With each repulse, the Union soldiers’ enthusiasm for attacking the ridge diminished. “Every man in the ranks saw the folly of the attempt,” wrote a soldier in the 83rd Pennsylvania Volunteers, “and judging from the undercurrent of their conversation, it is not probable that they would have made a very determined effort, or gone far.”
In all, some 5,000 Union soldiers fell here—all to no purpose. On May 13, the Union army abandoned Laurel Hill and headed east.
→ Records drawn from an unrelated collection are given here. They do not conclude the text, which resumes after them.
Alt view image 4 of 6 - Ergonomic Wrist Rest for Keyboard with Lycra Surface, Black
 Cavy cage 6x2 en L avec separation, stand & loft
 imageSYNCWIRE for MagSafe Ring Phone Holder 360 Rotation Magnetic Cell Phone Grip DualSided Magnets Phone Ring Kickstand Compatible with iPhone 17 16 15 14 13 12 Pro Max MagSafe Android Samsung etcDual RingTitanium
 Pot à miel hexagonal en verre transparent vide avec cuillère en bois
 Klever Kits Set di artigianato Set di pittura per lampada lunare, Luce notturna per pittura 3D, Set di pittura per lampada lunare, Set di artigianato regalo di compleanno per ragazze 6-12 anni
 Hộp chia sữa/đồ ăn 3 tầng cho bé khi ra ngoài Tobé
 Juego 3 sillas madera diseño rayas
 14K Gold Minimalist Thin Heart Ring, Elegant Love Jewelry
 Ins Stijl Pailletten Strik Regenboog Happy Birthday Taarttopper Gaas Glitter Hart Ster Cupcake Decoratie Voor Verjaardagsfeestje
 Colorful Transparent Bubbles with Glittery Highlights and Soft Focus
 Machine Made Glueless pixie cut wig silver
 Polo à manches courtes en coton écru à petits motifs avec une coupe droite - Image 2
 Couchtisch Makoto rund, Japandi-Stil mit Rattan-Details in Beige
The Confederates followed.
Caption for the background image:
Union troops at Laurel Hill.
The Race for Spotsylvania Court House wayside marker

Text from the marker:
The Race for Spotsylvania Court House
On the 8th of May we had the hardest march of the war….as we neared Spottsylvania the rattling of musketry told us too plainly our day’s trials were not over….
Sergeant James M. Thompson
6th Alabama Infantry
After two days of vicious fighting in the Wilderness, the armies trudged south toward Spotsylvania Court House. The Union army marched along the Brock Road, in front of you; the Confederates used a series of paths and country roads farther to the west. For both sides it was a miserable march. Deprived of sleep, sweat-soaked soldiers stumbled over narrow, dusty roads. In many places the woods beside the road caught fire, filling the air with suffocating smoke.
Morning brought no relief. As Union soldiers approached Spotsylvania Court House, they learned that Confederate forces held the ridge one-quarter mile ahead of you, blocking their way. The Federals repeatedly attacked the position but could not drive the Confederates from it. What had started as a race to Spotsylvania ended in a two-week struggle for the village.
Caption to the drawing:
Marching through fire.
Spotsylvania Compass Rose

The Spotsylvania Compass Rose is one of several placed on battlefields in Fredericksburg and in Spotsylvania County, and one of two on the Spotsylvania Battlefield. (There is also a compass rose on Brock Road on the Wilderness battlefield.) The monuments consist of a large bronze compass set onto a masonry foundation.
The Compass Rose shows distances and directions in miles to several locations important to the battle or in the Civil War. Staring from the north and moving clockwise:
N
Washington 60 m
Bloody Angle 0.9 m
E
Lee’s Final Line 0.7 m
Federal Line 2.1 m
Spotsylvania C.H. 2 m
Confederate front 0.3 m
S
Richmond 50 m
Po River 1 m
W
Shady Grove Church 5.5 m
Todd’s Tavern 3.5 m
Brock-Plank Crossroads 7.7 m*
Chancellorsville 6.3 m

Location of the Laurel Hill Trailhead
The Laurel Hill Trail starts at the entrance to the Spotsylvania Court House battlefield at the intersection of Brock Road, Grand Road and Hancock Drive. (38°13’04.4″N 77°36’52.5″W) It is about 100 yards south of the parking area for Stop One of the Spotsylvania Battlefield Auto Tour.